Aside from this conviction, the record contains facts which would commend petitioner for favorable consideration and other facts which might be considered unfavorable. Had the commission’s denial of registration been based upon an indicated finding that all facts considered, including the conviction, it did not consider petitioner qualified and was therefore exercising its discretion in denying his application, I would not be able to say that its action was arbitrary and capricious, although frankly this petitioner enlists my sympathy. It does appear, however, that the hearing officer of the commission and the commission itself gauged its consideration of the case and conclusion to ■•.tandards of qualification for pier superintendents and hiring agents rather than to standards set for longshoremen.
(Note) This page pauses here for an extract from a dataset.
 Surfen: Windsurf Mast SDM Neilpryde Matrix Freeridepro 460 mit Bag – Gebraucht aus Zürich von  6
It is not clear that if the commission had viewed petitioner’s application in proper perspective it would have denied the application. I think, therefore, that the determination of the commission should be annulled on the law and the matter remitted to the commission for further determination in accordance with proper standards.
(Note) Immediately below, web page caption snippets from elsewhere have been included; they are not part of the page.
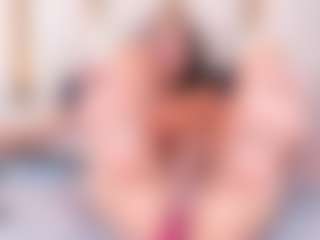 Ainoanoire's Live Sex Cam Show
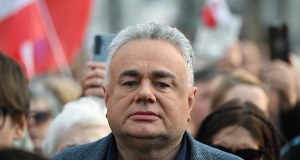 ​Tomasz Sakiewicz ukarany. Chodzi o jego zeznania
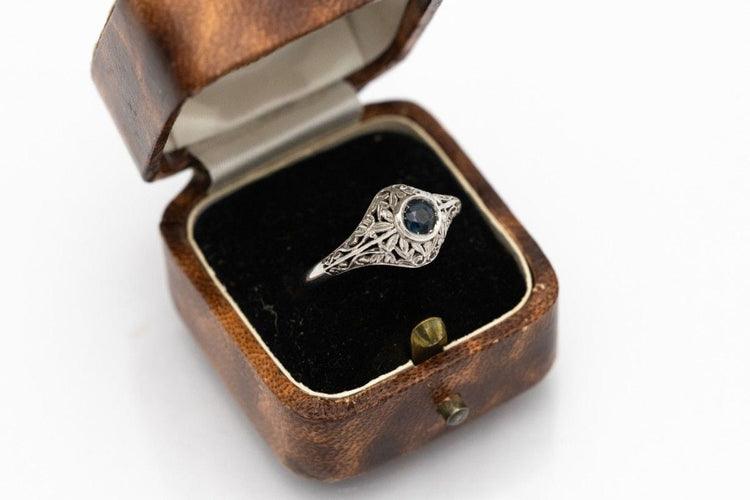 Bague 54 Bague en or blanc avec saphir, milieu du XXe siècle 58 Facettes TP10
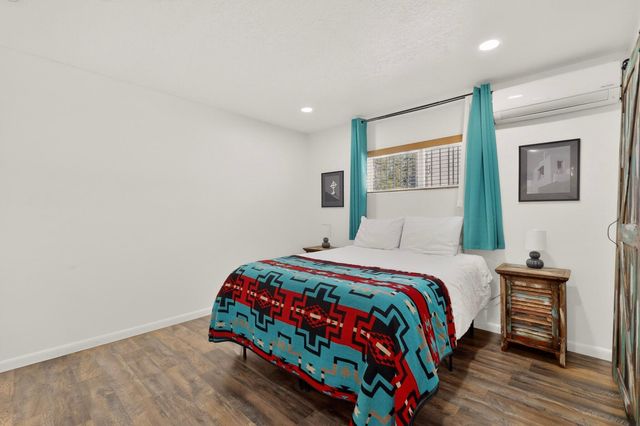 314 Manzano Street NE, Albuquerque, NM 87108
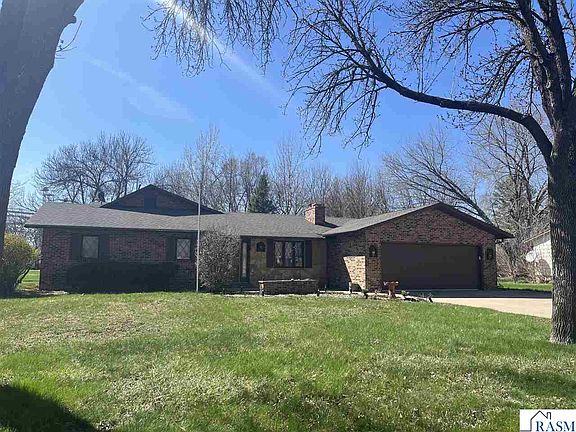 2nd image of 311 1st St N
The difference between the standard to be applied to a longshoreman and a pier superintendent or hiring agent may be a nice one, but it is one of substance and of sufficient importance that the Legislature understandably drew a distinction between longshoremen and supervisory personnel. In the case of longshoremen, conviction of a crime is ground for the exercise of discretion upon the part of the commission in denying an application for registration. In the case of a pier superintendent or hiring agent, conviction of a crime within a period of five years is a disqualification, with a discretion in the commission to waive or remove the ineligibility upon a finding that the applicant has submitted satisfactory evidence that he has for a period of not less than five years so conducted himself as to warrant a grant of such a license.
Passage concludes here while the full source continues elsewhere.